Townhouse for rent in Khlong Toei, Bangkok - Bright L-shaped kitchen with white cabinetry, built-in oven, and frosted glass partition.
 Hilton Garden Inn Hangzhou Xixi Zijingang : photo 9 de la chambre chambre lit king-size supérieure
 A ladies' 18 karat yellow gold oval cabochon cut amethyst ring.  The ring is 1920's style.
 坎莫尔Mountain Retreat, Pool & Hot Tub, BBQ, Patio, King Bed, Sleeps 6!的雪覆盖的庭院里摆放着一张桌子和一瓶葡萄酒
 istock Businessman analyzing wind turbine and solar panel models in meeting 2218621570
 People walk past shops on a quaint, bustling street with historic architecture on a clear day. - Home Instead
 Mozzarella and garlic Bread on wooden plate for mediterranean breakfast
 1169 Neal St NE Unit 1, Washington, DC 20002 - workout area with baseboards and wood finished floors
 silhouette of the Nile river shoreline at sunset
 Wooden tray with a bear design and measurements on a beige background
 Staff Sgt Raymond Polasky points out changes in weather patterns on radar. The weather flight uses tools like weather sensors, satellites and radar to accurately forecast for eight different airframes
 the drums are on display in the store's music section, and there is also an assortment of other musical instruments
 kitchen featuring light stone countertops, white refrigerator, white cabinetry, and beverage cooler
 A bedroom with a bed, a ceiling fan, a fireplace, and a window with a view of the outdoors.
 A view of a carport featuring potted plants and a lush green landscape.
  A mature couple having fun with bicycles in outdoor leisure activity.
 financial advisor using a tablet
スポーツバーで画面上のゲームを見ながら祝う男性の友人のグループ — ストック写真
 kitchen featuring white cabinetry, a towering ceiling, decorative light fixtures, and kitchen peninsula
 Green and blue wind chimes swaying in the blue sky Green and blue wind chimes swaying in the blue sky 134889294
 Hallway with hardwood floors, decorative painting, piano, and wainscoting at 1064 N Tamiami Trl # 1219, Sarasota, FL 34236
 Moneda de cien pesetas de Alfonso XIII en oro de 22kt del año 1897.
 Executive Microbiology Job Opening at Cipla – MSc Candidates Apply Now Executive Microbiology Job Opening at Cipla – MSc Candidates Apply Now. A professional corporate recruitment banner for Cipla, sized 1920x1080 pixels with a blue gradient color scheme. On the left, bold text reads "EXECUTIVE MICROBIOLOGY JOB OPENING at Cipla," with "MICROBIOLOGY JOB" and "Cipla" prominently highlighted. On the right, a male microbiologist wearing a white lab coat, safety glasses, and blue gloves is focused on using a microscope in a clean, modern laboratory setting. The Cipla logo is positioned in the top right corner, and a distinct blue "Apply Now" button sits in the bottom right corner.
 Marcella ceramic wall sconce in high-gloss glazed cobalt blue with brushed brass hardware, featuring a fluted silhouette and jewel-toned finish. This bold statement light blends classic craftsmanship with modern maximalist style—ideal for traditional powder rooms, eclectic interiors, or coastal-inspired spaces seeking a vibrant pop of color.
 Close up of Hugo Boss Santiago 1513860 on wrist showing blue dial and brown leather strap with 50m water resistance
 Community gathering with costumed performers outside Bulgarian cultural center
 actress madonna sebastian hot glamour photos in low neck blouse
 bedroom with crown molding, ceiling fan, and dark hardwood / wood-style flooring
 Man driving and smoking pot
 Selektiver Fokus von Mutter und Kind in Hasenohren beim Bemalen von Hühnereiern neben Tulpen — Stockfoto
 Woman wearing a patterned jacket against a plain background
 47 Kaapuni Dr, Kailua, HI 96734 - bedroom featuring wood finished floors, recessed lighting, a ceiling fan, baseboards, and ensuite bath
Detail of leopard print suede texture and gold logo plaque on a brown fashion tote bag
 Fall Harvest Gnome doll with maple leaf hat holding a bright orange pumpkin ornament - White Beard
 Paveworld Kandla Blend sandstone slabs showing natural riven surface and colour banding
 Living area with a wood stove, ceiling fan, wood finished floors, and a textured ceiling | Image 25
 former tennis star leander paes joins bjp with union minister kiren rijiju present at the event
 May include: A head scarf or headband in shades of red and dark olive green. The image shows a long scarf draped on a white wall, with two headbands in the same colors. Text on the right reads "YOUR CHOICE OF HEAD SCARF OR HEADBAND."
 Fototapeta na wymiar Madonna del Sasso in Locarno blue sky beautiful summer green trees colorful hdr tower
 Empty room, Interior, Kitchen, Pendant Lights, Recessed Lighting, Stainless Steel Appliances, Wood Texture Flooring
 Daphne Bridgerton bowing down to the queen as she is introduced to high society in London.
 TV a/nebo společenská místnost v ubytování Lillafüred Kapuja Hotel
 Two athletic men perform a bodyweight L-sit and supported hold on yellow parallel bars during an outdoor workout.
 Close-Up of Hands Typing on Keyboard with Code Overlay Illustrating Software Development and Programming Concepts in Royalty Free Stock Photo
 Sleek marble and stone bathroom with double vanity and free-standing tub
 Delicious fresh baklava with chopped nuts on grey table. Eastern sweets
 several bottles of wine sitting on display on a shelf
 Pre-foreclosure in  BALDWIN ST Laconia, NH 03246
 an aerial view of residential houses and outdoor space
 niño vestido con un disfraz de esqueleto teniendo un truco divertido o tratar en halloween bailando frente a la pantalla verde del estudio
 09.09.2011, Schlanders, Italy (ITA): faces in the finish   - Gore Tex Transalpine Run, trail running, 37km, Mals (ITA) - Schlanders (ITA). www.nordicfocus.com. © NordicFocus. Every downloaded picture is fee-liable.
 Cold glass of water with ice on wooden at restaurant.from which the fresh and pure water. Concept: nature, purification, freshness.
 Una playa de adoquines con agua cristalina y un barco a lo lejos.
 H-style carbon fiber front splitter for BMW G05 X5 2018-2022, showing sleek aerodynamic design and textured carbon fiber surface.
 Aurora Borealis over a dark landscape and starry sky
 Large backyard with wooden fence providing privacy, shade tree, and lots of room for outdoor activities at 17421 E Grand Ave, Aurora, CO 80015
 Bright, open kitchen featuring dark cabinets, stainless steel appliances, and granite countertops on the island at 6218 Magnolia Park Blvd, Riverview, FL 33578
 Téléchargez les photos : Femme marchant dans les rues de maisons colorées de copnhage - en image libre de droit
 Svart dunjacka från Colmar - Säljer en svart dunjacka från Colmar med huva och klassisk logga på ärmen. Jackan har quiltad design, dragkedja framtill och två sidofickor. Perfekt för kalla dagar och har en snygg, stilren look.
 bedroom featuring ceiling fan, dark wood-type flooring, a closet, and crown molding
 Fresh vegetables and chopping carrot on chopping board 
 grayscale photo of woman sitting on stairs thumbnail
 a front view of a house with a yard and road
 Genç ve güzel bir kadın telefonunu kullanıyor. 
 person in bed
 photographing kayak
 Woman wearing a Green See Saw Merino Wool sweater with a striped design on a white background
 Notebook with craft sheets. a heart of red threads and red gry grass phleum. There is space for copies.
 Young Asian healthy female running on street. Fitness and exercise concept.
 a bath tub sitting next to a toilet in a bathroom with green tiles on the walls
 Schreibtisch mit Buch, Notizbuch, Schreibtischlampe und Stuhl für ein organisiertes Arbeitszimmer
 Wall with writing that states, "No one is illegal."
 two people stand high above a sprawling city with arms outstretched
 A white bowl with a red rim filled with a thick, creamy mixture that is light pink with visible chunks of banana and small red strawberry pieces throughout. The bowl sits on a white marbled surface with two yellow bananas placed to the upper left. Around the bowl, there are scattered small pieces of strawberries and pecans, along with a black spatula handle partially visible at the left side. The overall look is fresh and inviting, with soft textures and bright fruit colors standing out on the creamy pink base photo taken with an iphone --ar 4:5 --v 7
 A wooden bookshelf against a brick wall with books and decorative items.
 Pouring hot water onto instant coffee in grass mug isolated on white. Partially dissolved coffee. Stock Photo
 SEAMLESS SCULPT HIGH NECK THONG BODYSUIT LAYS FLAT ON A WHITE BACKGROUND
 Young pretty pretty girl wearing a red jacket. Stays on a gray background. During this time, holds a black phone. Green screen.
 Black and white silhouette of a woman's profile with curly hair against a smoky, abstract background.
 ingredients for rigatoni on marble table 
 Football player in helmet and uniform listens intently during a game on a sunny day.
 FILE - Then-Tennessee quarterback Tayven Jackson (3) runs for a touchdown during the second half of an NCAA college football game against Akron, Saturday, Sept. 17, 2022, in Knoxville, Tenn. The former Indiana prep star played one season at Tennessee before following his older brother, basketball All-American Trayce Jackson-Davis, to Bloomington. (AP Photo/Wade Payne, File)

---

=== Your goal ===
Retype the entries above exactly, but only from the line containing "Wall with writing" through the line containing "SEAMLESS SCULPT HIGH", both included.

=== Response to the task ===
 Wall with writing that states, "No one is illegal."
 two people stand high above a sprawling city with arms outstretched
 A white bowl with a red rim filled with a thick, creamy mixture that is light pink with visible chunks of banana and small red strawberry pieces throughout. The bowl sits on a white marbled surface with two yellow bananas placed to the upper left. Around the bowl, there are scattered small pieces of strawberries and pecans, along with a black spatula handle partially visible at the left side. The overall look is fresh and inviting, with soft textures and bright fruit colors standing out on the creamy pink base photo taken with an iphone --ar 4:5 --v 7
 A wooden bookshelf against a brick wall with books and decorative items.
 Pouring hot water onto instant coffee in grass mug isolated on white. Partially dissolved coffee. Stock Photo
 SEAMLESS SCULPT HIGH NECK THONG BODYSUIT LAYS FLAT ON A WHITE BACKGROUND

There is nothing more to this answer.